# Fall shrubs



## Erythrone (Oct 8, 2011)

A few hardy shrubs with interesting fruits or flowers in fall. From our garden.

The fantastic Euonymus europaeus. A 20 years old plant. 






Ilex verticillata Red Sprite. The best cultivar of that species for us. Compact grower. Rather large fruits… but we never see fruits in winter since birds eat them in a few days when they discover them.










Native: Hamamelis virginiana. Interesting flowering but not very showy against the yellow and red color of fall around here!





Not suppose to be a very good shrub in Quebec. Actually it is a very hardy shrub here. Its name is Ilex x meservaea Blue Princess. It bears fruits for the first time although I grow those shrubs for many years. Good flowering timing between male and female plants is difficult for me since the male (Blue Prince) is in pot. As the soil in pot warms quickly in spring, it blooms earlier than the female plants.


----------



## SlipperFan (Oct 8, 2011)

Hamamelis virginiana -- is that the same thing as a Witch Hazel? I thought they were late Winter/early Spring bloomers.


----------



## Lanmark (Oct 9, 2011)

SlipperFan said:


> Hamamelis virginiana -- is that the same thing as a Witch Hazel? I thought they were late Winter/early Spring bloomers.



They certainly bloom in late winter or earliest spring around here! The scents of witch hazels propel me into fits of rapturous ecstasy. :drool:


----------



## Shiva (Oct 9, 2011)

Very nice Lise. 
As I can't afford to heat my greenhouse anymore in winter, I'm thinking of storing some Zone 6-7 plants in there. I still have to sell a lot or orchids before I can do that however. Maybe you have some ideas on what plants I could keep in there. Perhaps some cyps as well.


----------



## Erythrone (Oct 9, 2011)

SlipperFan said:


> Hamamelis virginiana -- is that the same thing as a Witch Hazel? I thought they were late Winter/early Spring bloomers.



Yes it is the common witch hazel. Native from North America.

That one is a always a fall bloomer. But there are many species and varieties that are winter or spring bloomer (H. vernalis, H. japonica, H. mollis, etc.) in milder weather.


----------



## Erythrone (Oct 9, 2011)

Shiva said:


> Very nice Lise.
> As I can't afford to heat my greenhouse anymore in winter, I'm thinking of storing some Zone 6-7 plants in there. I still have to sell a lot or orchids before I can do that however. Maybe you have some ideas on what plants I could keep in there. Perhaps some cyps as well.



If you want to store such plant in pots, I think you should heat to 2 to 4 C at night.

Of course, on most sunny winter days, temp will rise well above that point... According to what many growers told me, it is still expensive to heat greenhouse although far less than growing tropical plants of course.
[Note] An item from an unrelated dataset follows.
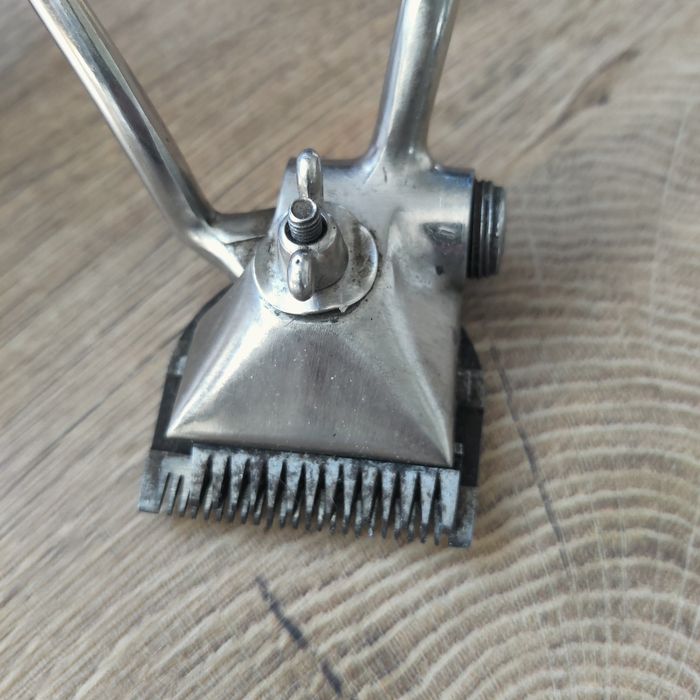 Интересничка интересничка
Since there is high temperature variation in greenhouses and since our winter are very cold, if you don't heat at all, there will be freezing and thawing in the pots. That is not a good thing for any plant I know... And temperature can be very low in the pot, far lower than in the ground (temperature at root zone can be something like -1 C under snow cover).
That is why wintering outdoors with snow or with good cover of straw, leaves, "withe carpet" allows to grow so many out of zone plants in many parts of Quebec.

Maybe your greenhouse can be useful in early spring or late fall to extend the growing season of some tender perennials and shrubs. And for winter: how can I say this.... chambre froide??? Cool room for veggies???

Or even the fridge for your Cyps!


----------



## Hera (Oct 9, 2011)

Beautiful, keep the pictures coming.


----------



## Marc (Oct 9, 2011)

I just love Hamamelis!


----------



## W. Beetus (Oct 9, 2011)

Great pictures! I like the carnivorous plant in the picture.


----------



## NYEric (Oct 9, 2011)

Thanks for sharing. 



W. Beetus said:


> Great pictures! I like the carnivorous plant in the picture.



Wow! Good catch!


----------



## biothanasis (Oct 10, 2011)

Lovely flowers!


----------



## JeanLux (Oct 10, 2011)

Very nice pics!!! Jean


----------